Case ID: f2d_251/html/0717-01.html
Source: Caselaw Access Project
Author: {"author": "HAND, Circuit Judge. LUMBARD, Circuit Judge", "license": "Public Domain", "url": "https://static.case.law/"}
Date Created: 2024-08-24T03:29:51.129683

Gunnleik BERGE, Appellant, v. NATIONAL BULK CARRIERS CORP. and Todd Shipyards Corp., Appellees.
    No. 106, Docket 24673.
    United States Court of Appeals Second Circuit.
    Argued Nov. 22, 1957.
    Decided Jan. 10, 1958.
    
      Jack Steinman, New York City, for appellant, Harry H. Lipsig, New York City, on the brief.
    Victor S. Cichanowicz, Frederick H. Cunningham, New York City, for National Bulk Carriers Corp., appellee.
    Patrick E. Gibbons, Galli & Locker, New York City, for third-party defendant, Todd Shipyards Corp., Patrick J. McCann, New York City, of counsel.
    Before HAND, HINCKS and LUM-BARD, Circuit Judges.
   HAND, Circuit Judge.

This is an appeal from a judgment for the defendant entered by Judge Murphy in an action to recover for personal injuries. At the conclusion of the evidence the parties agreed that the only issue to be submitted to the jury was the assessment of damages, the question of defendants’ liabilities being reserved for determination of the court. Upon the following facts, Judge Murphy held that the plaintiff who was a rigger employed by the defendant Todd Shipyards had not proved his claim. The ship, Bulklube, was a tanker, owned by the National Bulk Carriers, Inc., which in 1952 decided to reconstruct her and rebuild her in accordance with the standards by the United States Coast Guard and the American Bureau of Shipping as a ship of general carriage. The owner made a contract with Todd Shipyards Corporation to take the vessel to its own shipyard and rebuild her in accordance with approved plans and specifications. This work required removing her decks, burning out partitions and bulkheads which divided her into twenty-three tanks, making new bulkheads and new partitions, putting them in place, renewing the longitudinal and deck beams, reconditioning her engines, boilers, steering gear and all other machinery. As stated in Judge Murphy’s opinion, the work amounted “to a virtual rebuilding of the interior of the vessel.” [148 F.Supp. 611] The accident happened because while the plaintiff and several other men were working below deck in one of the tanks of the ship, engaged in installing a tank bulkhead in place of the former one, he stood! upon a scaffold about 15 feet above the bottom of the tank and was pulling a hoist to raise the new bulkhead into position. During this operation the shackle pin between the hoist and the under-deck “padeye” broke and the chain part of the tackle fell hitting the plaintiff and dislodging him from the scaffold; the shackle pin was after-wards found to be sheared in half, and Judge Murphy held that it was unseaworthy as was obviously true.

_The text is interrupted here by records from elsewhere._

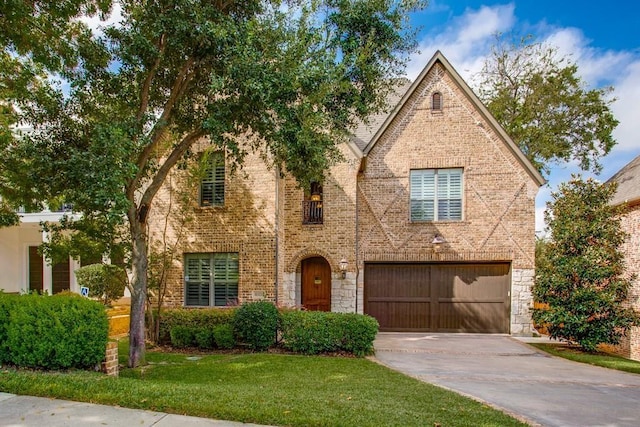 tudor-style house featuring brick siding, a front yard, a garage, stone siding, and driveway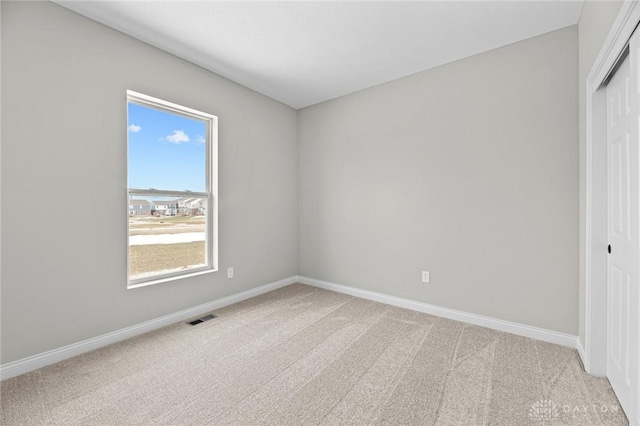 unfurnished bedroom with a closet, light carpet, visible vents, and baseboards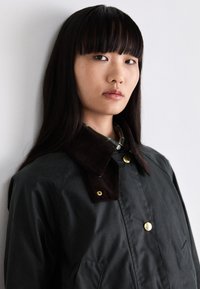 Dark green waterproof jacket featuring a brown corduroy collar, gold buttons, and a front pocket. The fabric has a smooth, matte texture.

Thus the question is whether the situation was within the doctrine of Seas Shipping Co. v. Sieracki, 328 U.S. 85, 66 S.Ct. 872, 90 L.Ed. 1099, and those decisions that have followed it. As we said, Halecki v. United New York & New Jersey Sandy Hook Pilots Association, 2 Cir., 251 F.2d 708, the answer depends upon whether the work on which the plaintiff was engaged was of a kind that the crew of a vessel was accustomed to perform. Obviously there must be some limit, else the whole fabrication of a new ship would be included. We can only say that the reconstruction of a ship was not traditionally the task of the crew. Berryhill v. Pacific Far East Line, 9 Cir., 238 F.2d 385, certiorari denied 354 U.S. 938, 77 S.Ct. 1400, 1 L.Ed.2d 1537, is not in conflict with what we believe to be the correct test, and we disagree with Read v. United States, 3 Cir., 201 F.2d 758.

Judgment affirmed.

LUMBARD, Circuit Judge

(concurring) .

I concur in the result for the reasons set forth in my dissenting opinion in Halecki v. United New York and New Jersey Sandy Hook Pilots Association, 2 Cir., 251 F.2d 713, 714.